Meine erste musikalische Begegung am diesjährigen Festival am 20.8.2010: Serj Tankian. Der ehemalige Frontmann von System Of A Down war in jener kurzen Zeitspanne, als "New Metal" noch nicht als Schmähwort zu verwenden war, durchaus so etwas wie eine Stil prägende Figur. Am Frequency präsentierte er sich mit adretter Frisur und ganz in Weiß, aber keineswegs wirklich solo, sondern in Begleitung einer Band sowie einer Streicherabteilung des Linzer Bruckner Orchesters, wobei sich letztere über den Auftritt auf der Rockbühne sichtlich amüsierte. Herr Tankian mühte sich redlich in der niederösterreichischen Nachmittagshitze, die Stimme markant wie eh und je. Auch sein politisches Engagement hat er nicht verloren, im Gegenteil, er trägt es eher wie einen Bauchladen vor sich her. So erklärte er uns unter anderem, dass Linkssein toll ist und dass die Rechten wollen, dass die Leute beten und Waffen kaufen. So etwas hat ein bisschen was von Michael Moore und ein bisschen was von Sting auf New Metal und wirkt irgendwie ausgesprochen altbacken.


Durchaus sympathisch, doch nicht wirklich spannend: Serj Tankian am Frequency 2010.

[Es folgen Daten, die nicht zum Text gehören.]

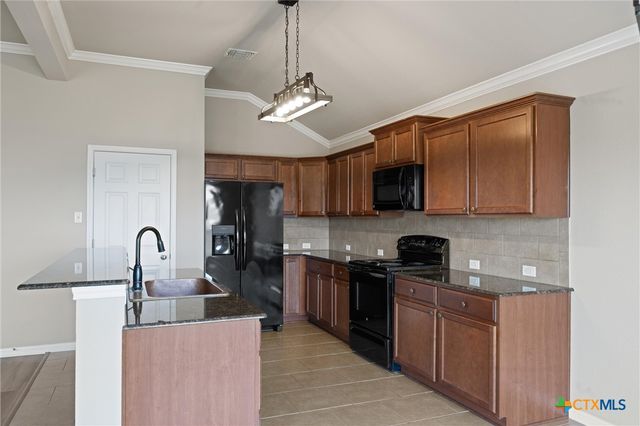 504 Parkfield Lane, Temple, TX 76502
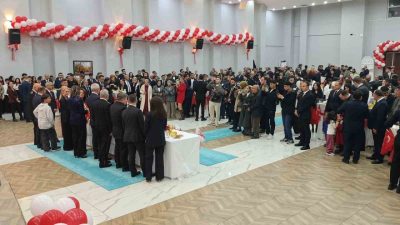 Muş’ta 29 Ekim Cumhuriyet Bayramı’nın 103’üncü yıl dönümü dolayısıyla resepsiyon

Was Madsen betrifft, gibt es dem nicht allzu viel hinzuzufügen.

Nach Madsen folgte eine Nahrungsaufnahme-Pause am Zeltplatz, dann verhieß ein Blick ins Programheft Großes: Yeasayer sollten um 21:40 auf der kleineren "Green Stage" ran. Leider handelte es sich um einen Druckfehler, denn als ich eingetroffen war, hiess es: "We are Yeasayer from Brooklyn and this is our last song". Wie gemein sich die Geschichte doch manchmal wiederholt. Auch, wenn dieser eine Song das beste ist, das ich auf diesem Festival erlebt habe. We Are Scientist wurden in der Folge trotzig verschmäht, ich begab mich rüber zur anderen, größeren Bühne und zu LCD Soundsystem.

Und wieder wurden Erwartungen nicht ganz erfüllt. James Murphy aka LCD Soundsystem sollte wohl eher im Klub bleiben, dort wo er hergekommen ist und auch hingehört. Auf der großen Festivalbühne wirkte der New Yorker samt Begleitmusikern zumindest an diesem Abend eher deplatziert, bot nicht viel mehr als coole Langatmigkeit, gesanglich-interpretatorische Schwächen inklusive.

Als ich mich somit schon mit einem eher ernüchternden ersten Frequency-Tag abgefunden hatte, kam doch noch alles ganz anders. Die erste richtige Entscheidung hieß Massive Attack (statt Tocotronic), die zweite war es, in den "Wellenbrecher" zu gehen. Dort war es komfortabel gut gefüllt und man war ganz nah dran an der Klangwolke der Soundkünstler aus Bristol. Ich war ja sehr skeptisch, hatte den so genannten Trip-Hop schon für verlebt und gestrig gehalten. Aber das Live-Erlebnis öffnete ein Tor, ein Tor in eine Zeit, als diese Musik so etwas wie eine revolutionäre Kraft gehabt hat, jedenfalls musikalisch, aber vielleicht auch politisch, wenn auch auf eine subtile Art und Weise. Untermauert wurde dies von den LED-Leuchten im Hintergrund, die in rascher Abfolge gesellschaftsrelevante Informationen Preis gaben, weniger direkt als Serj Tankian, aber wesentlich eindringlicher. Dazu eröffnete der volle Livesound den ganzen Facettenreichtum der Massive Attack-Musik, erfreulich oft gekrönt von der fantastischen Stimme von Martina Topley-Bird. Am Ende des langen Tages stellte sich so ein Trip-Hop-induzierter Trancezustand ein, der die schmerzenden Füße vollständig vergessen machte.


Gut: Massive Attack am Frequency 2010.